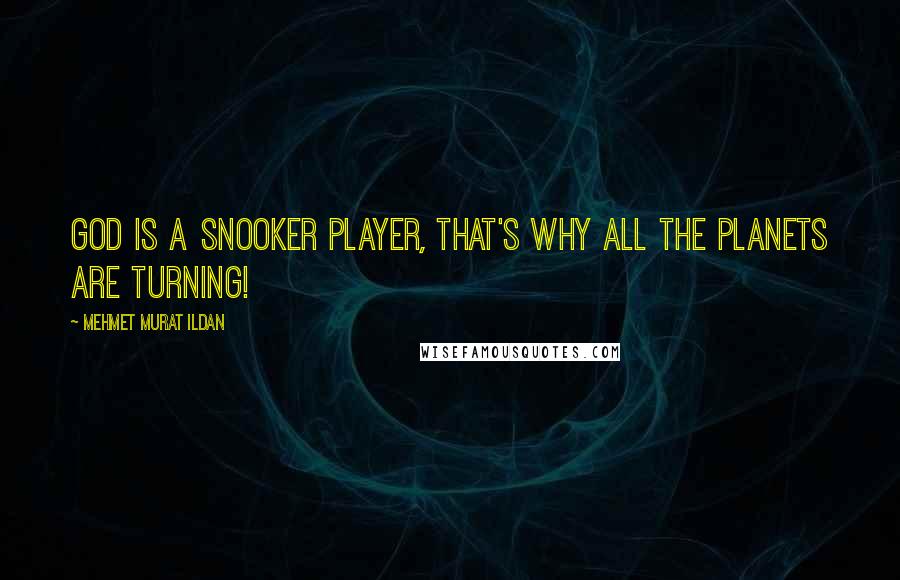 Mehmet Murat Ildan Quotes: God is a snooker player, that's why all the planets are turning!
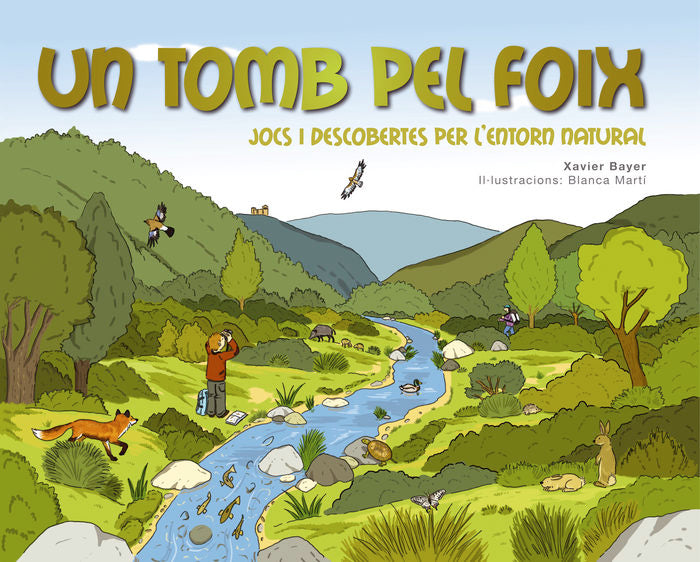 UN TOMB PEL FOIX.JOCS I DESCOBERTES ENTORN NATURAL, de BAYER, XAVIER | portada del libro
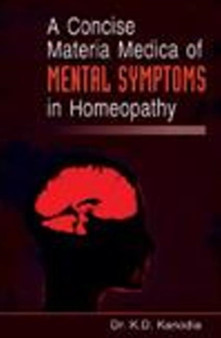 Concise Materia Medica of Mental Symptoms in Homeopathy by K D Kanodia - Paperback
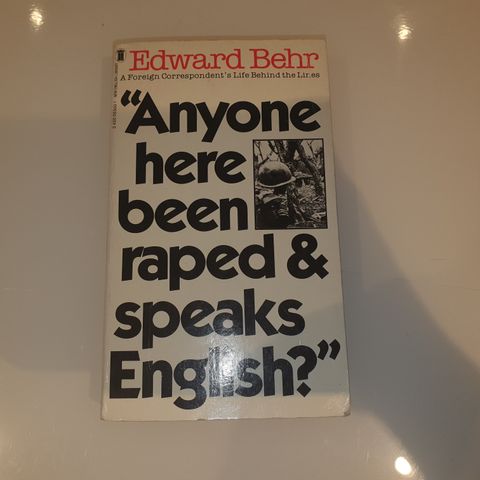 "Anyone here been raped & speaks English?" Edward Behr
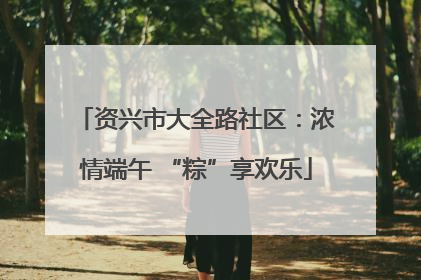 资兴市大全路社区：浓情端午 “粽”享欢乐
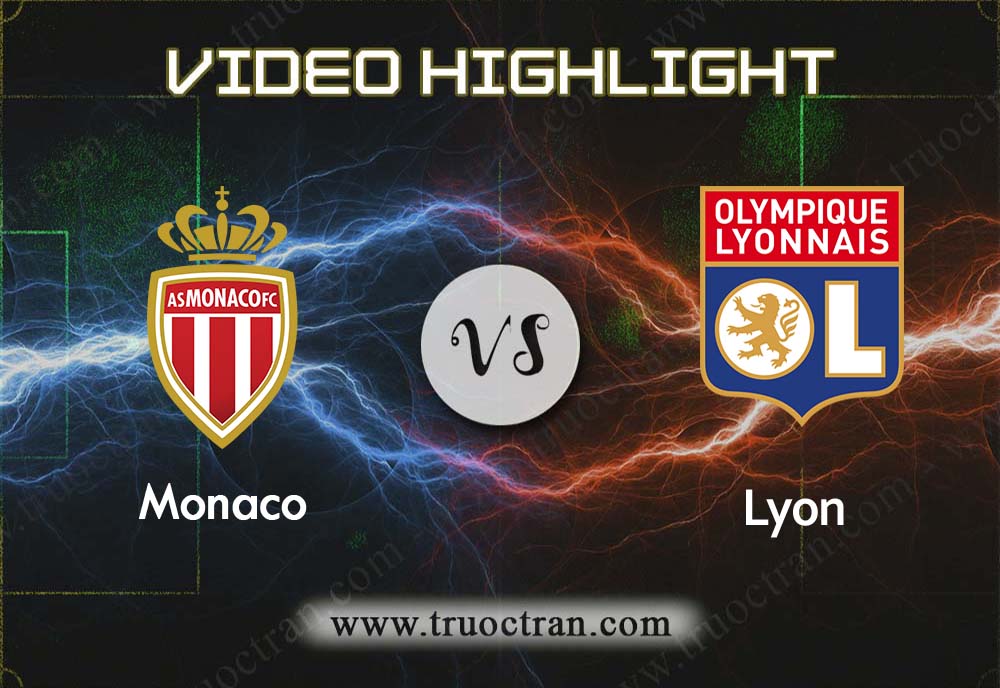 Video Highlight: Monaco & Lyon – VĐQG Pháp – 10/8/2019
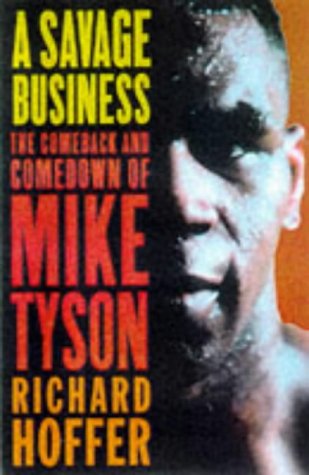 A Savage Business: The Comeback and Comedown of Mike Tyson: Tragedy of Mike Tyson Sports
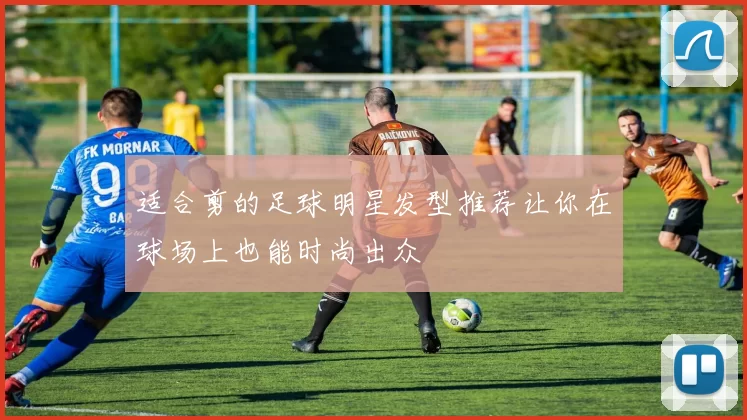 适合剪的足球明星发型推荐让你在球场上也能时尚出众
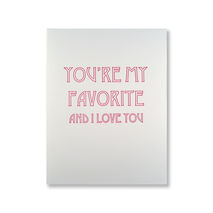 You're My Favorite and I Love You Card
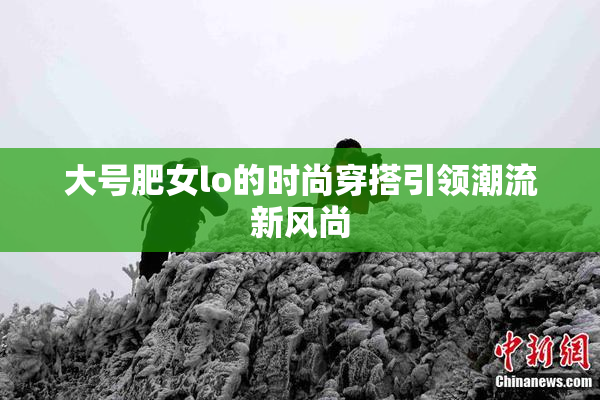 大号肥女lo的时尚穿搭引领潮流新风尚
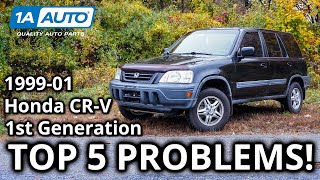 Top 5 Problems 1999-2001 Honda CR-V 1st Generation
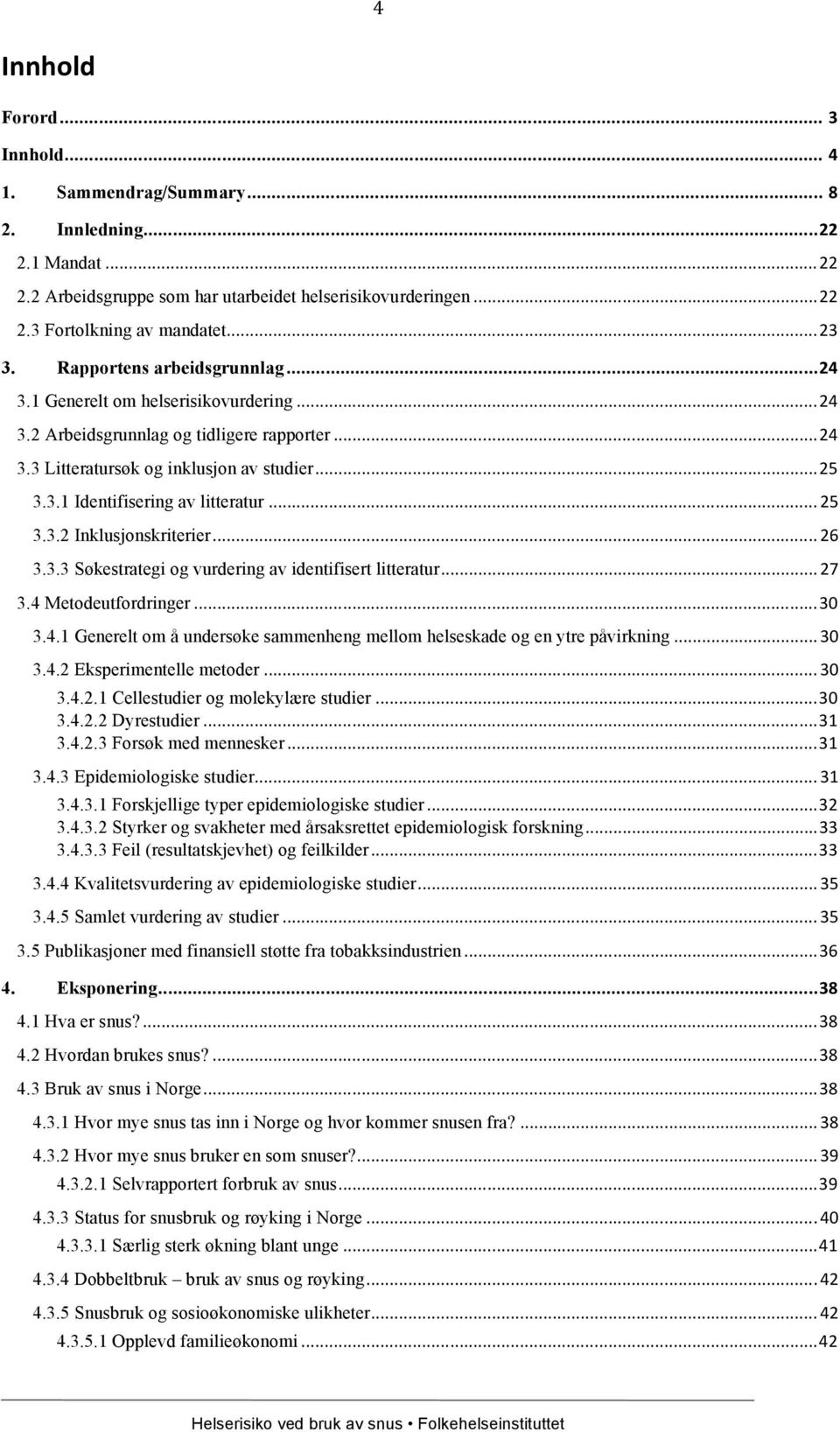 .. 25 3.3.2 Inklusjonskriterier... 26 3.3.3 Søkestrategi og vurdering av identifisert litteratur... 27 3.4 Metodeutfordringer... 30 3.4.1 Generelt om å undersøke sammenheng mellom helseskade og en ytre påvirkning.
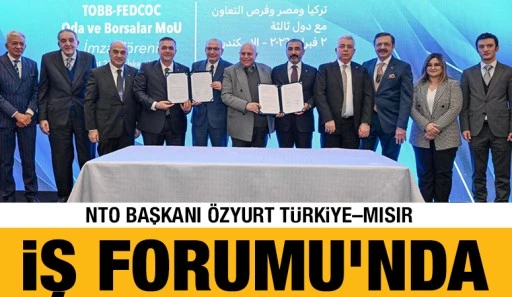 NTO Başkanı &Ouml;zyurt T&uuml;rkiye&ndash;Mısır İş Forumu&rsquo;nda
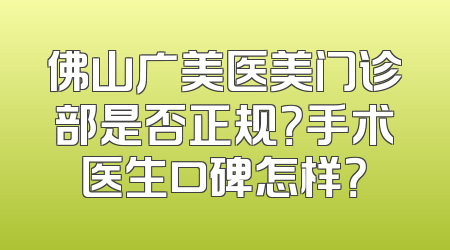 佛山广美医美门诊部是否正规？手术医生口碑怎样？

::::

Aim of the exercise: Output the entries above exactly. Do not include the pictures.

Exercise solution:
 Mehmet Murat Ildan Quotes: God is a snooker player, that's why all the planets are turning!
 UN TOMB PEL FOIX.JOCS I DESCOBERTES ENTORN NATURAL, de BAYER, XAVIER | portada del libro
 Concise Materia Medica of Mental Symptoms in Homeopathy by K D Kanodia - Paperback
 "Anyone here been raped & speaks English?" Edward Behr
 资兴市大全路社区：浓情端午 “粽”享欢乐
 Video Highlight: Monaco & Lyon – VĐQG Pháp – 10/8/2019
 A Savage Business: The Comeback and Comedown of Mike Tyson: Tragedy of Mike Tyson Sports
 适合剪的足球明星发型推荐让你在球场上也能时尚出众
 You're My Favorite and I Love You Card
 大号肥女lo的时尚穿搭引领潮流新风尚
 Top 5 Problems 1999-2001 Honda CR-V 1st Generation
 .. 25 3.3.2 Inklusjonskriterier... 26 3.3.3 Søkestrategi og vurdering av identifisert litteratur... 27 3.4 Metodeutfordringer... 30 3.4.1 Generelt om å undersøke sammenheng mellom helseskade og en ytre påvirkning.
 NTO Başkanı &Ouml;zyurt T&uuml;rkiye&ndash;Mısır İş Forumu&rsquo;nda
 佛山广美医美门诊部是否正规？手术医生口碑怎样？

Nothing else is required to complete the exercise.